Bir vakada, 39 yaşındaki Brezilyalı bir kadın ve yedi yaşındaki oğlu, kadının kendi evi önünde uyuşturucu sattığı gerekçesiyle ihbar ettiği bir çetenin üyeleri tarafından devamlı olarak ölüm tehditleri aldıktan sonra ülkelerinden kaçtı. Her gün yerel polisle işbirliği yapan çete üyeleri, Maria ve oğluna Brezilya’da nereye kaçarlarsa kaçsınlar onları öldüreceklerini söyledi.

Teksas’taki bir göçmen gözaltı merkezinde UAÖ’ye konuşan kadın, Mart 2018’de resmi bir giriş kapısında sığınma başvurusunda bulunduktan bir gün sonra Gümrük ve Sınır Koruma görevlilerinin hiçbir neden sunmaksızın kendisini oğlundan ayırdığını anlattı.

Gözyaşları içinde “Bana ‘burada hiçbir hakkın yok, oğlunla birlikte kalma hakkın da yok’ dediler” sözleriyle yaşadıklarını anlatan kadın, şöyle devam etti: “O anda öldüm. Küt diye gitsem daha iyi olurdu. Oğlumun nerede olduğunu, ne yaptığını bilmemekten iyiydi. Bir annenin yaşayabileceği en kötü histi. Nasıl olur da bir annenin oğluyla birlikte olma hakkı olmaz?”
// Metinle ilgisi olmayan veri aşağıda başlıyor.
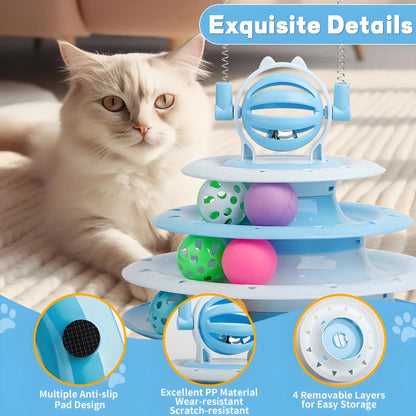 Interactive Cat Toy Puzzle Ball with 2 Teaser Wands – Mental Stimulation for Indoor Cats & Kittens, No Batteries Needed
Bir diğer vakada, 63 yaşındaki Honduraslı bir kadın, UAÖ’ye, bir çetenin üyelerinin onu ve 14 yaşındaki torunu öldürmekle ve evlerini yakmakla tehdit ettiğini söyledi. Polisten destek istedikten veya ülke içinde başka yerlere kaçtıktan sonra öldürülen kişiler olduğunu bilen kadın, torunuyla birlikte hemen Honduras’ı terk etti.

Teksas’taki bir gözaltı merkezinde bir yıldan uzun süre tutulan kadın, UAÖ’ye, Teksas’taki giriş kapısında sığınma talebinde bulunduktan iki gün sonra Gümrük ve Sınır Koruma görevlilerinin onu torunundan ayırdığını söyledi.

“Bana torunumu neden aldıklarını söylemediler. Sadece onu benden ayıracaklarını söylediler. Beni geri gönderirlerse ne yapacağım? Honduras’ta öleceğim” diyen kadın, sözlerini şöyle sürdürdü: “63 yaşındayım ve daha fazla dayanamıyorum. Çok umutsuz ve üzgün hissettiğim günler oluyor. Ailemi görmeyeli çok uzun zaman oldu.”

Çocuklarından zorla ayrılan birçok aile korkunç bir ıstırap çekiyor ve UAÖ’ye hikayelerini anlatırken zaman zaman kontrol edemedikleri bir biçimde ağlıyor. Belgelediği vakalarda UAÖ, maksadı, ABD sınır kapılarında koruma talep eden sığınmacıları taleplerinden vazgeçirmek ve cezalandırmak olarak ifade edilen aileleri ayırma uygulamasının, ABD hukuku ve uluslararası hukuku gereğince işkence kapsamına girdiğini tespit etti.